Lega e MS5 perseguono un accordo che, semplificando, aumenti il contrasto alla povertà e allo stesso tempo riduca le tasse. Da un lato, tale impostazione ha senso perché risponde con una formula unitaria alle diverse domande degli elettorati del Nord industriale e del Sud depresso. Nel secondo risiedono sia la gran parte del 10% di adolescenti che per povertà delle famiglie non accedono all’istruzione, sia i due terzi degli oltre 5 milioni di individui in situazione di povertà assoluta rilevati dall’Istat. È evidente che serva un intervento straordinario. Così com’è evidente che il Nord industriale abbia bisogno di meno costi sistemici per aumentare la crescita e il traino al resto del Paese. D’altro lato, la bozza di contratto tra i due partiti, al momento, lascia poco specificati e contraddittori i modi di realizzazione. Ciò alimenta sospetti tecnici sul piano della fattibilità e del rischio di effetti controproducenti che hanno già portato il mercato internazionale ad alzare, pur ancora non drammaticamente, il rischio Italia.

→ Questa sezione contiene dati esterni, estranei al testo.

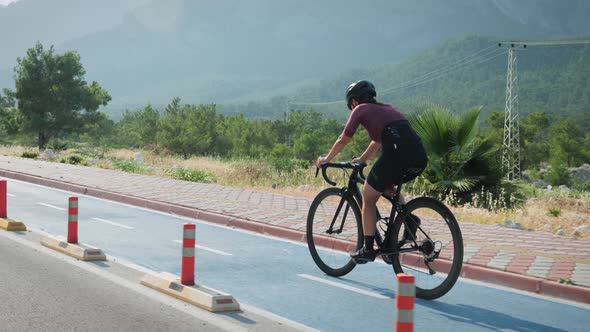 Female cyclist on bicycle lane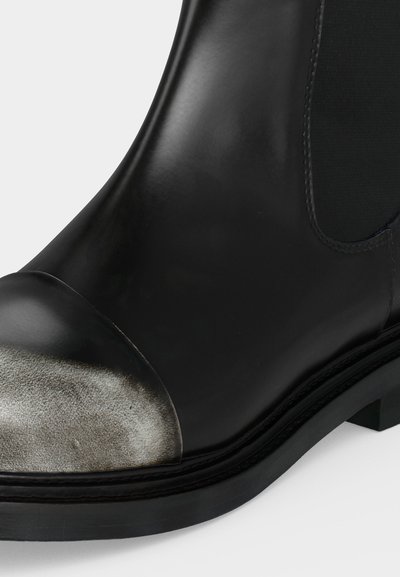 Gros plan d'une botte noire en cuir à la cheville avec un embout métallique argenté usé et un panneau latéral élastique.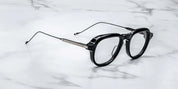 A pair of black '50s-inspired aviator optical glasses with wirecore temples and a unique front-pin hinge design, laying on a marble surface. side view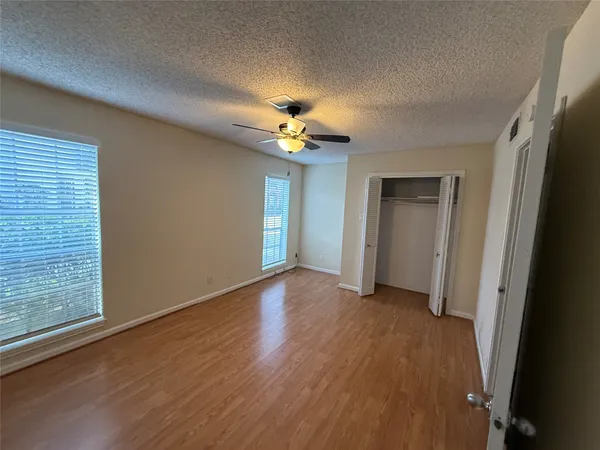 an empty room with wooden floor chandelier fan and windows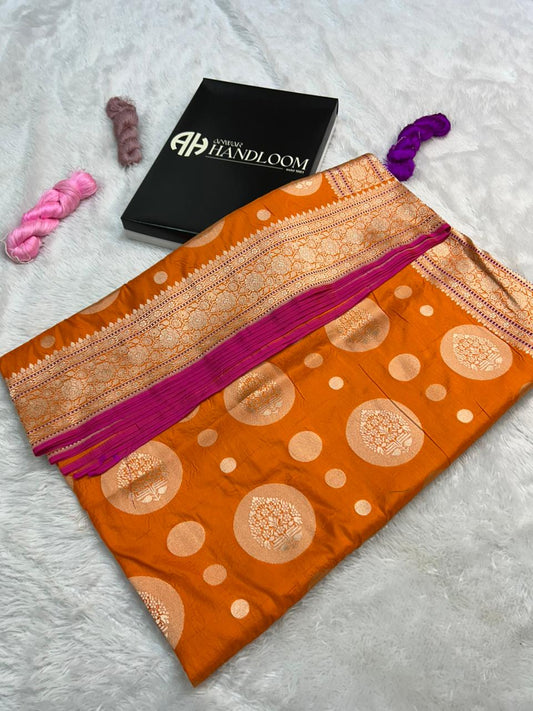 This Orange Banarasi Handloom Saree with gold zari and pink dori mina and edge on border
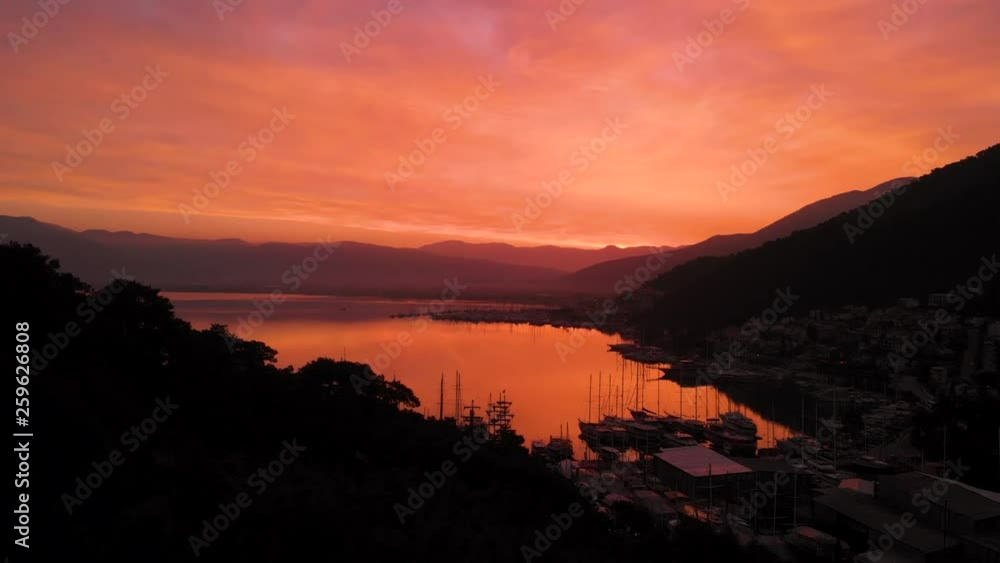 Aerial panning over a tranquil harbor at sunrise on a calm day Aerial panning over a tranquil harbor at sunrise on a calm day
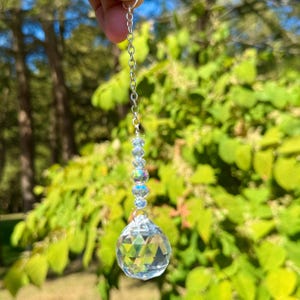 May include: A clear crystal ball suncatcher hanging from a silver chain. The crystal ball is faceted, reflecting light. Above the ball are iridescent beads. The background is blurred green foliage.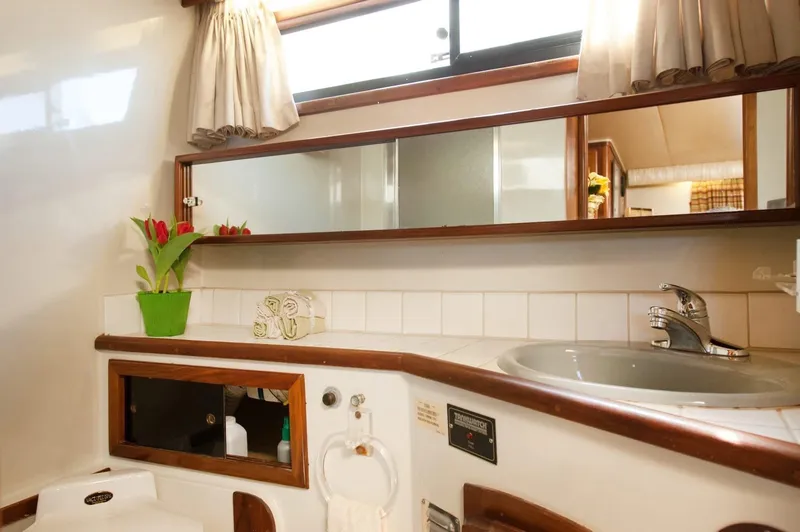 Slide: The Image of Interior of 1986 Californian 55 Cockpit Motor Yacht bathroom with sink and mirror. - 20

Per esempio, una cosa è investire per creare più opportunità, e formare il capitale umano per coglierle, al Sud e un’altra, che potrebbe destabilizzare l’intero sistema economico nazionale, è aumentare la spesa assistenziale. In generale, non è chiaro se l’accordo vada verso il realismo o altrove. Soprattutto, non è chiaro il meccanismo di finanziamento. A occhio bisognerebbe riallocare molta spesa pubblica, circa 35 miliardi e allo stesso tempo tagliarne tanta, circa 30, per concretizzare le idee dell’accordo come finora abbozzato e allo stesso tempo mantenere l’equilibrio del bilancio statale. Ciò sarebbe fattibile se nel contratto di governo ci fosse un programma triennale (credibile) di riduzione parziale del debito pubblico di almeno 200 miliardi, valorizzando e privatizzando proprietà statali e di enti locali (immobili, partecipazioni e concessioni) il cui complesso, cioè il patrimonio pubblico disponibile, vale circa 650-700 miliardi.



Con tale operazione sarebbe possibile ricavare risorse dalla minor spesa annua per interessi – ora sui 60 miliardi – e ottenere dall’Ue più flessibilità per finanziare la stimolazione economica a Sud e a Nord. Ma il programma taglia-debito nell’accordo non c’è. C’è invece l’intento di fare più deficit senza ridurre il debito, creando così il rischio che il mercato faccia fuggire i capitali dall’Italia, rigettandola in recessione. O l’accordo viene specificato in modi realistici o sarebbe meno rischioso tornare alle urne.